Product Market Fit
I recently reviewed a digital product that had been developed in an organisation over the course of the previous two years. The product was incomplete and the key person developing it had left the organisation. However, the product represented an investment by the organisation, and something they hoped would provide value to others. The question the team had was – what do we do with this product now?
I provided an independent review of the product and revealed several red flags about its status and how it might be leveraged in future. One thing stood out. The product specifications were listed as the value proposition. Prof. Tim Kastelle and I observed this common mistake many times during our delivery of Lean Launch Pad (ON accelerator) and business model innovation training at CSIRO. When a value proposition is specification led, it completely ignores something called:
Product – Market fit
It provides a strong indication that either developers/inventors/designers/etc haven’t listened to their target market or are so blind to the potential user, all they can see is the greatness of their product. In short, it wasn’t a good sign that the product development process had adequately engaged with its intended market.

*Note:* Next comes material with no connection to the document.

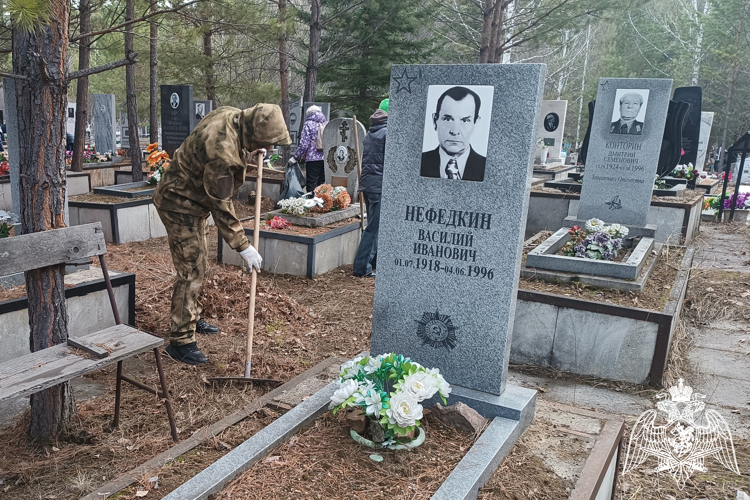 Зеленогорские военнослужащие  Росгвардии  привели в порядок места захоронения ветеранов Великой Отечественной войны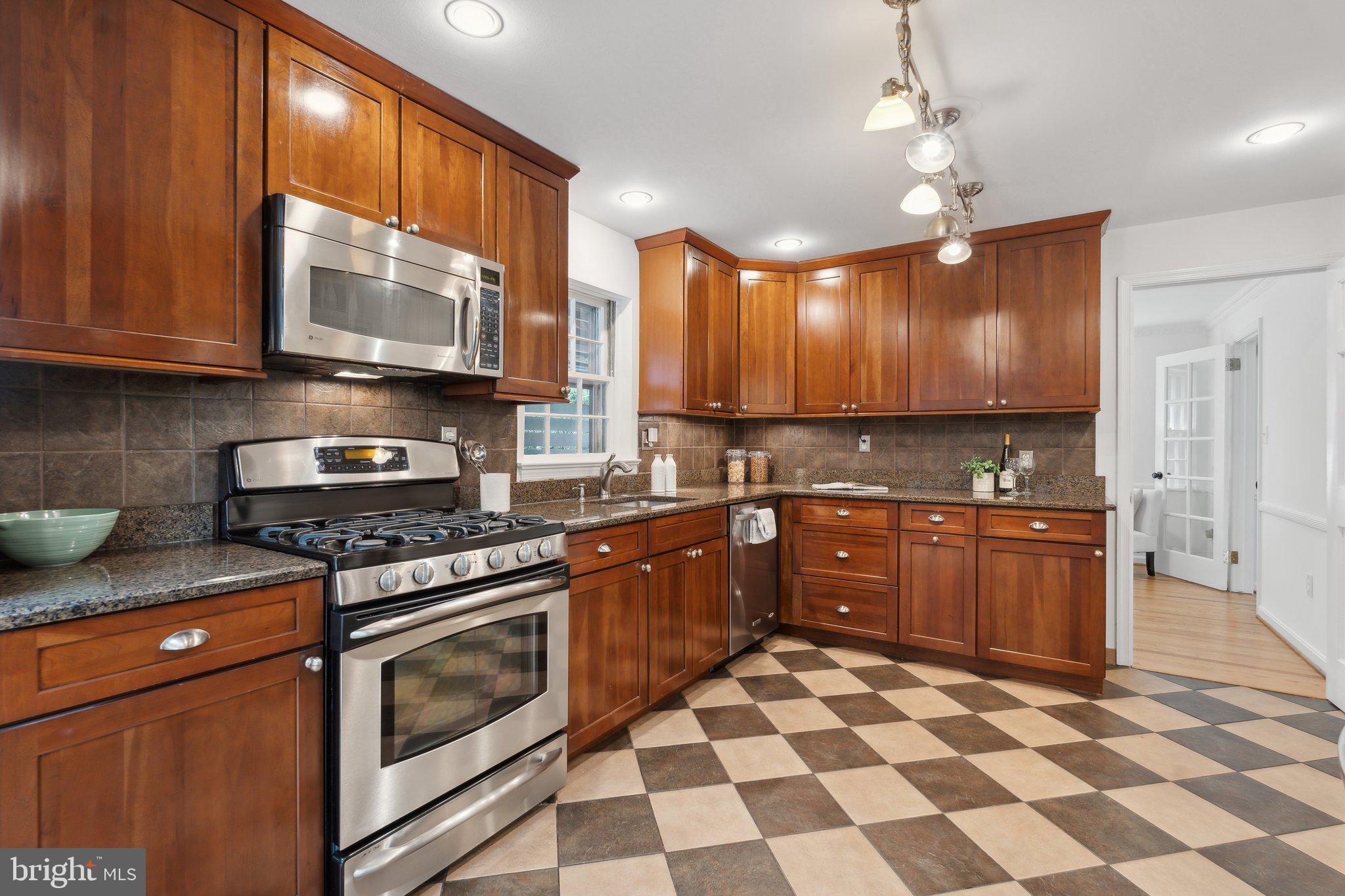 WEST BETHESDA PARK - Residential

No matter how amazing your product’s specifications are, they alone are not a value proposition. A product specification will not translate customer value and benefits those specifications provide your target market.
Here is a basic example:
Product Specification - 2 x faster battery charging
Value proposition – More time using, less time charging
See the difference? One is a product feature, the other is how that feature benefits the user. Another way to view this is the specification is internally focused, whereas the value proposition is externally focused. Subtle but very important.
The review I provided pointed this and a few other key design issues out to the product owners. Unfortunately, my recommendation was that the product represented significant organisational risk and any additional work would be fruitless as it couldn’t resolve fundamental design issues. This was a sad result as the original intentions of the product were good, however the development pathway lacked good design, oversight and was tone deaf to the product user and market it was intended to serve.
For anyone developing a product or technology (physical or digital), this can all be easily avoided if you listen to your intended user/client/market and build that feedback into your product. Market insights are GOLD for any new product development. Don’t ignore that step.